I gently tucked the idea of it under the rug each time it arose in my mind, avoiding making an appointment like the plague. Because it was too hard to find a therapist; because the mere thought of opening up to a perfect stranger made my chest tight and hands clammy; because the depths of depression does not tend to be the easiest place from which to make decisions and appointments and to, generally speaking, advocate for your own well-being!! I was terrified, I was overwhelmed, and for years I convinced myself I was fine without it. (I wasn’t, though. I was only pretending to be.)

And then, one day this past fall—thanks to some very good and generous advice from a social media friend—I called, I finally made the appointment. I’ve been in therapy for three and a half months now—weekly sessions that I sometimes Do Not Want to Go To, and am sometimes Desperate to Go To. In some appointments I have breakthroughs; in some appointments I have mini-breakthroughs; in some appointments, I feel like I learn nothing big at all. But I’m realizing that every single one is worth it, if only because they all make me—a person who does not open up easily—remember that I’m worth being heard, that my feelings and opinions matter and are warranted.

Therapy has led to numerous very vulnerable conversations with friends about their own experiences with therapists, about their own mental health struggles—conversations I doubt we ever would have delved into had we not had the middle ground of this one shared experience from which to start. You know that thing they say about how vulnerability begets vulnerability? It is very true, folks. And there is a deep, deep comfort that can come from having these conversations, from realizing you’re not alone.

In therapy, I’m learning what my patterns are, and I’m ever so steadily figuring out how to change them. I’m learning how to process the things I’d swept aside for many, many years. I’m learning that whatever swirl of opposing feelings are present within me on any given day are okay; that we all contain multitudes, that it’s fine + good to feel things deeply. I’m learning that I am not my thoughts and that I don’t have to give them nearly as much credence as I have in the past. I am learning a lot of things, okay!!

Some therapy appointments have broken me down completely, but…in a good way? If that makes any sense? They’ve knocked down my firmly built walls so immeasurably, so much more than I ever allow in my day-to-day life. Those appointments have taught me the most of all.

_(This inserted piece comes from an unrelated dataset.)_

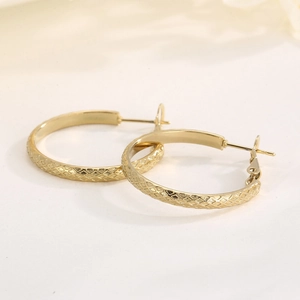 Detailed view of gold plated stainless steel hoop earrings with diamond pattern texture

There’s one session in particular that comes to mind. It was the Monday after Thanksgiving weekend, the latter two days of which I had spent dealing with A Lot of Anxiety. And on that Monday morning, said anxiety only amplified. It was a mix of work and OCD symptoms and lack of sleep and general stress and I felt awful, all morning long—a unique blend of anxiety I had never really experienced before. I was exhausted, I found it hard to form sentences, I had chills, every body part felt simultaneously jittery and tense, it was hard to focus on any one thing: the works. I remember feeling like I was falling apart.

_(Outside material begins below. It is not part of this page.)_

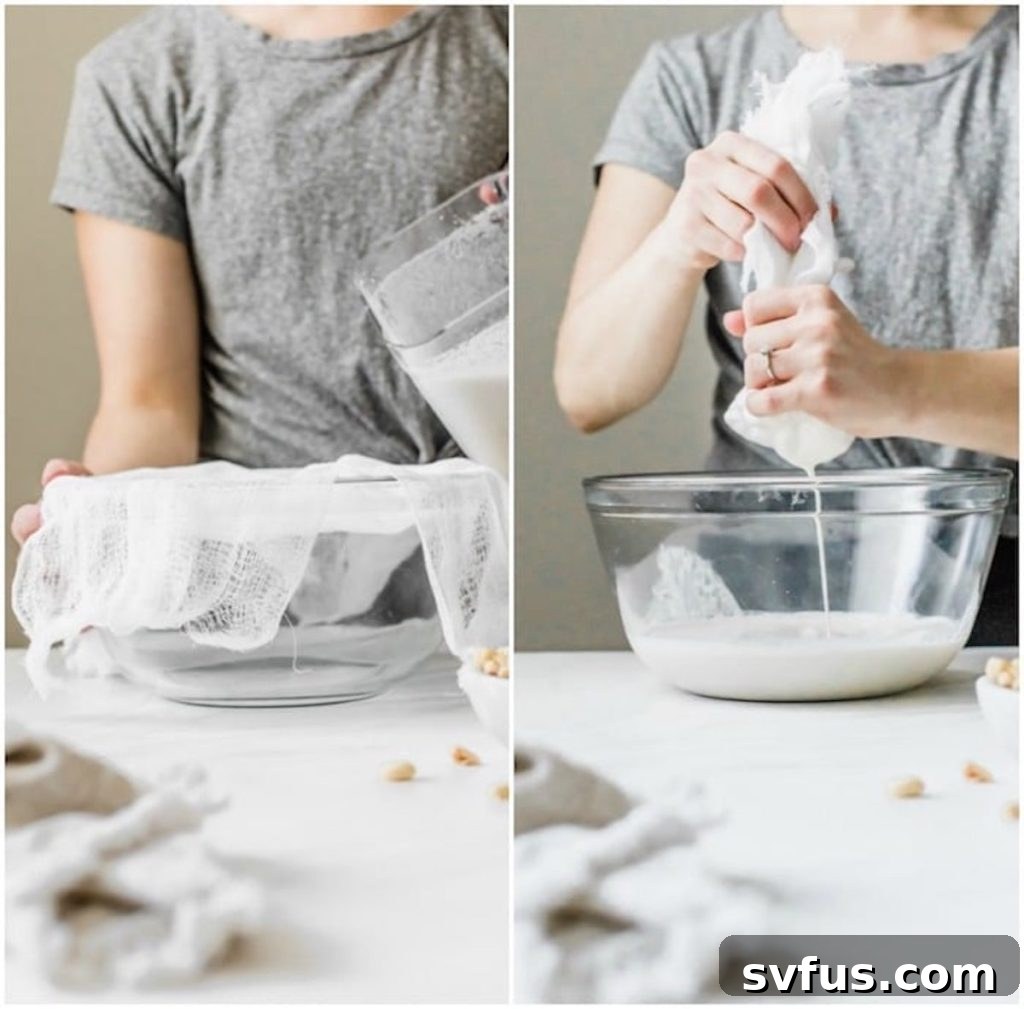 Hands gently squeezing a nut milk bag filled with peanut pulp into a bowl, separating the milk.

I got to therapy in the afternoon and we spent the first half talking about the anxiety—trying to get to the root of why it was so awful and what had caused it. Halfway through I looked up at the clock, noticed the time, and said to my therapist, “There’s something else I should mention before the end of the appointment.”

She said, “Okay,” and before I could even get the words out, I started crying. I remember being shocked by the expediency of my own tears. I hadn’t expected them, not in the slightest. I even said to my therapist, “I don’t know why I’m crying. I haven’t felt anything about this.” And I hadn’t.

My grandpa had passed away the previous Wednesday night. I found out on Thanksgiving morning, just after waking up. I remember lying in bed, right after learning the news, saying out loud, to myself, “Why don’t I feel anything? Shouldn’t I feel more?” I journaled about it for a little while and cried exactly one tear as I did, but the rest of the weekend, I felt…nothing. I felt like I was broken, for being so devoid of feelings.

Yet the second I brought it up to my therapist, I started crying; real, big tears, from someone who hasn’t historically been a crier. I thought I had no emotions over my grandpa’s passing; I thought it wasn’t affecting me at all. But it was. It’s just that it wasn’t emerging as sadness, but as the worst bouts of anxiety I’d had in years.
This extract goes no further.